Question

short s;
s = (EitherTrueOrFalse()) ? 0 : 1;

This fails with:

error CS0266: Cannot implicitly convert type 'int' to 'short'. An explicit conversion exists (are you missing a cast?)

Can anyone explain why this is so? The only thing I can think of is that the compiler doesn't look at the second value and doesn't know the range between the two, in the case I wrote something like

short s;
s = (EitherTrueOrFalse()) ? 0 : 65000;

Correct? The only fix is with an ugly cast?

Also, it seems C# does not have a type suffix for the short type. That's a pretty grave oversight IMO. Otherwise, that would've been a solution...

Was it helpful?

Solution

The compiler has an implicit conversion from a constant expression to various primitive types (so long as the value is within the appropriate range), but here the expression isn't constant - it's just an int expression. It's pretty much the same as:

short s;
s = CallSomeMethodReturningInt32();

as far as the compiler is concerned.

There are two options - you could cast the whole expression, or cast each of the latter two operands:

short s = (EitherTrueOrFalse()) ? (short) 0 : (short) 1;

to make the overall expression type short.

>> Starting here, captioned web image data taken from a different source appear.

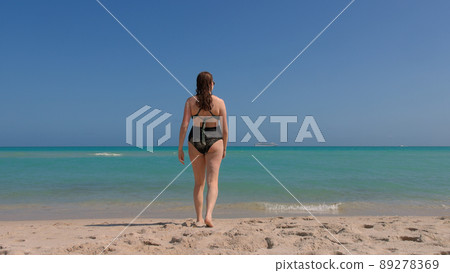 Beautiful woman in a bathing suit enjoys the blue ocean water at Miami Beach 89278369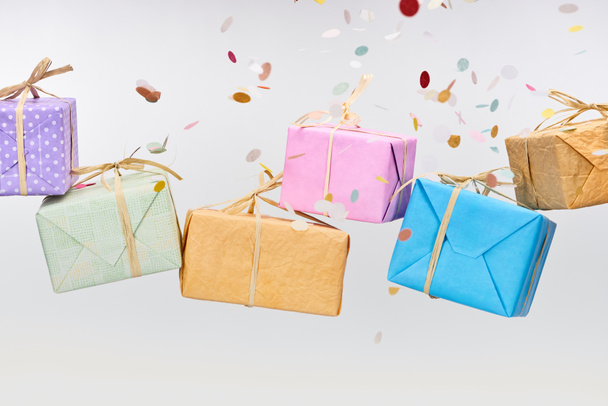 falling confetti near colorful and wrapped presents on white - Foto, immagini
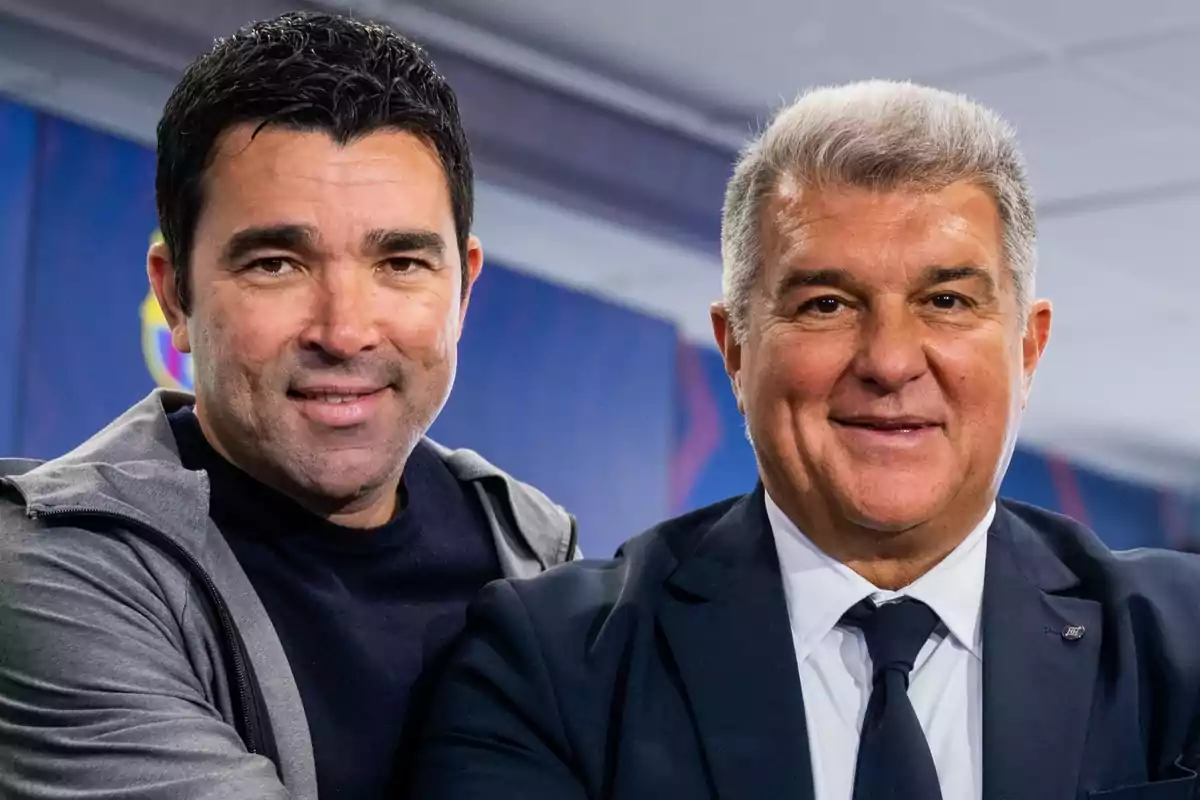 Dos hombres posando juntos, uno con una chaqueta gris y camiseta negra, y el otro con un traje oscuro y corbata. Están en un entorno interior con un fondo desenfocado que parece tener colores azul y rojo. Ambos están sonriendo y mirando hacia la cámara.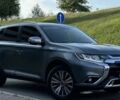 Сірий Міцубісі Аутлендер, об'ємом двигуна 2.4 л та пробігом 138 тис. км за 11500 $, фото 1 на Automoto.ua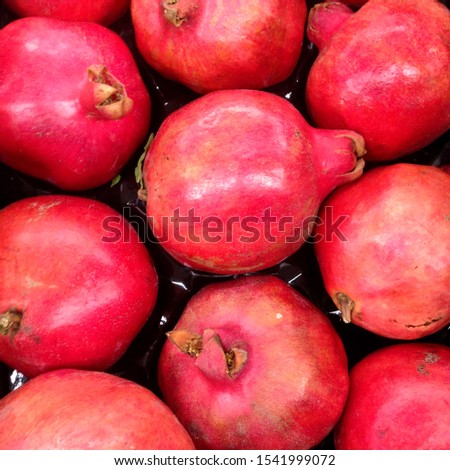 Macro photo pomegranate fruits.  Stock photo red fresh pomegranate fruit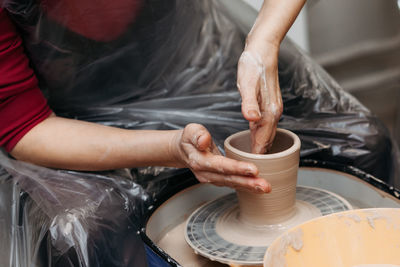 Close up of woman hands molding clay mug spinning on pottery wheel. potter hands forming clay cup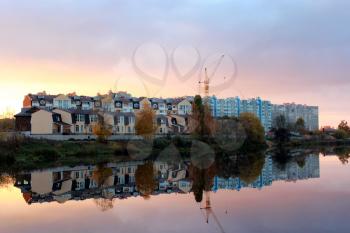 beautiful landscape with sunset, river and modern house reflecting in it
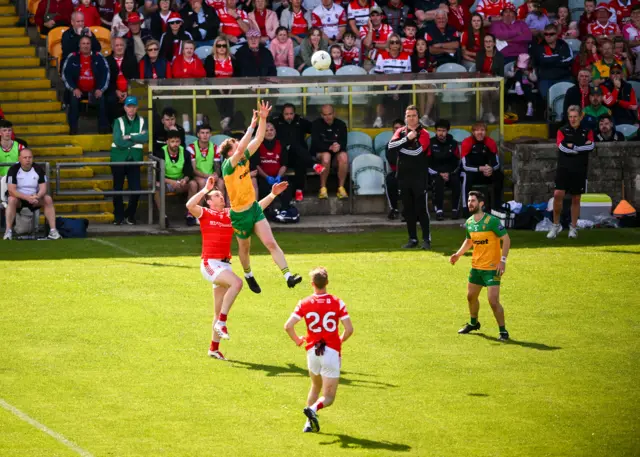 Ciaran Thompson of Donegal in action against Tommy Durnin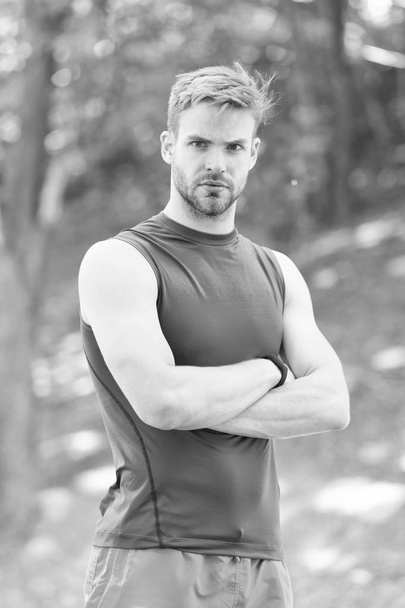 Sportsman with arms crossed in summer park. Strong man ready for training on fresh air. Fit and confident macho. Sport and workout activity. Relax in forest or park. Wellness and bodycare - Foto, imagen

In this particular case, it's a pity that there isn't a numeric literal suffix to explicitly declare a short literal. Apparently the language designers did consider this, but felt it was a relatively rare situation. (I think I'd probably agree.)

The part about implicit constant conversions is from the C# 3.0 spec section 6.1.8:

6.1.8 Implicit constant expression conversions

An implicit constant expression conversion permits the following conversions:

  • A constant-expression (§7.18) of type int can be converted to type sbyte, byte, short, ushort, uint, or ulong, provided the value of the constant-expression is within the range of the destination type.
  • A constant-expression of type long can be converted to type ulong, provided the value of the constant-expression is not negative.

OTHER TIPS

Because the cast is done by the compiler, not at runtime, I wouldn't call it an ugly cast, I would call it a complicated syntax:

s = (EitherTrueOrFalse()) ? (short)0 : (short)1;

I mean, this is the way it is written in C#, even if it looks ugly.

See this blog article. See Marc Gravell's answer on that question.

I guess this has the same reason as this won't compile:

short s1 = GetShort1();
short s2 = GetShort2();
short s3 = s1 + s2;

I.e. that whenever short is used for something, it gets promoted to int.